Считается, что прямая - это наикратчайшее расстояние между двумя точками. Это значит, что если мы поставим себе какую-нибудь цель, наша задача как разумных и логичных людей кратчайшим образом и в кратчайшее время этой цели достичь. Это то, что абсолютно противоположно концепции алхимии, которая берет не прямую как конкретную линию, ведущую к цели, но линию спиральную, или даже лабиринтовидную линию. То есть когда мы говорим об алхимии (и я призываю вас рассуждать об этой науке и об этом искусстве с точки зрения людей Барокко или Ренессанса), мы не должны ставить себе вопрос: какова цель и каков конкретный результат. К сожалению, большинство историй алхимии, написанных в XX веке, как раз страдают этим очень большим недостатком. Нам перечисляют "удачных" адептов, достигших трансформации или трансмутации ртути или свинца в золото, и перечисляют адептов (артистов, алхимиков), которые несмотря на очень хорошую старательную работу такого результата не достигли. На мой взгляд, таким образом к алхимии подходить нельзя. Цель алхимии выясняется гораздо позже, потом, и вообще что такое "алхимия" выясняется только в процессе неустанного поиска и работы.

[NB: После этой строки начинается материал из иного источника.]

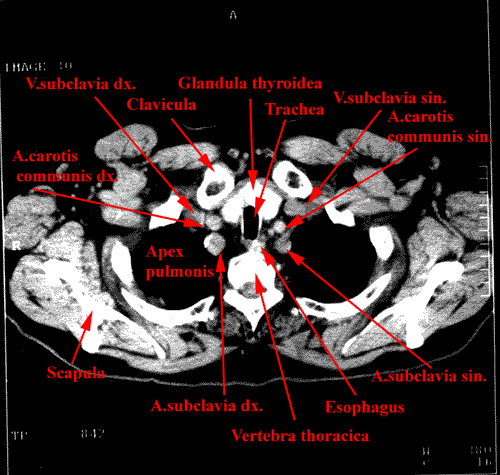 anatomia radiologiczna - 11.gif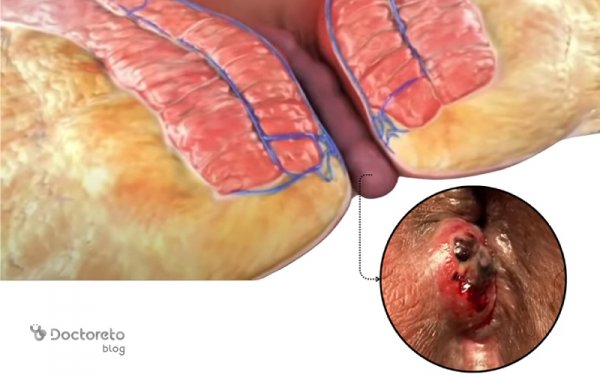  آیا بواسیر داخلی نیاز به عمل دارد؟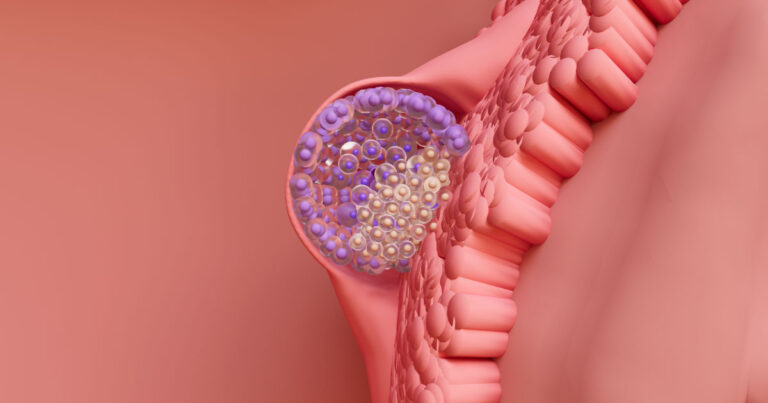 Implantación de embriones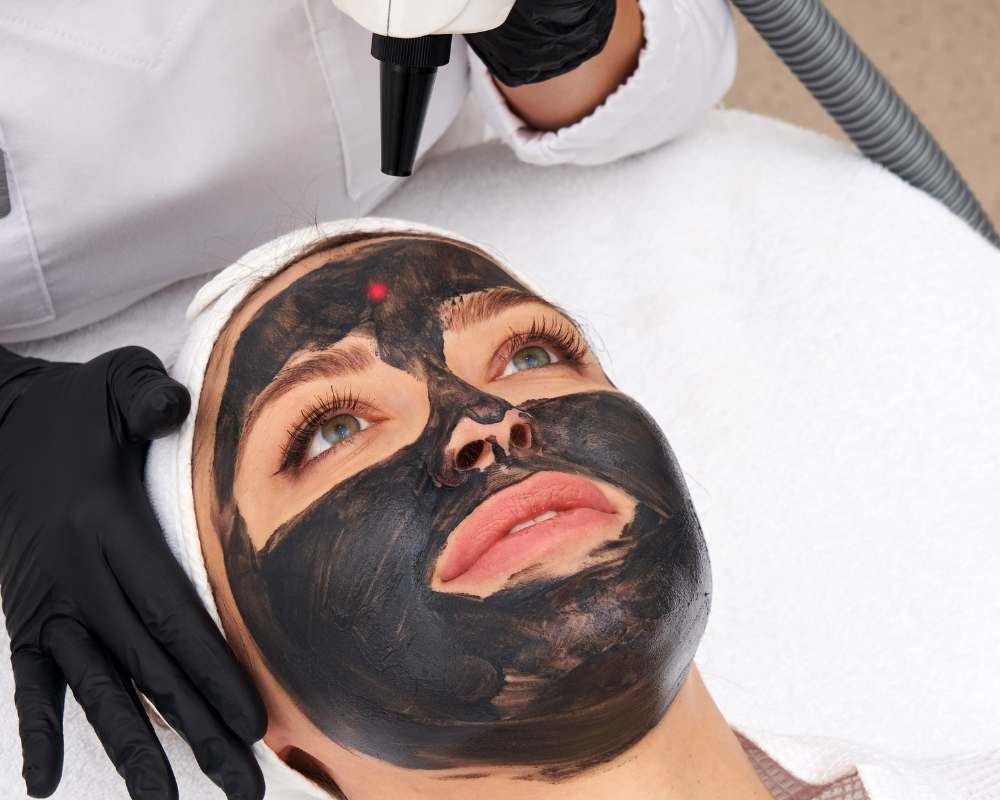 carbon laser facial altrincham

Опять же, мы наткнулись на слово "работа". Даже если мы захотим поставить себе цель превратить уголь в алмаз или свинец в золото, то даже при этом мы не должны ни в коем случае торопиться: покупать лабораторию и т.д. Почему? По одной простой причине - ну хорошо, купим мы реторты и всякую лабораторную обстановочку и, собственно, что мы будем делать? Алхимия забавна в том смысле, что вопрос "что мы будем делать?" встает в ней постоянно, так как мы не знаем над какой материей мы будем работать. Если в алхимической литературе существует тысяча книг, то, по крайней мере, пятьсот из них трактуют по разному о том, что такое "materia prima" или "первоматерия" и эту трудность невозможно преодолеть по одной простой причине - потому что искатель должен в конце концов сам определить что это такое.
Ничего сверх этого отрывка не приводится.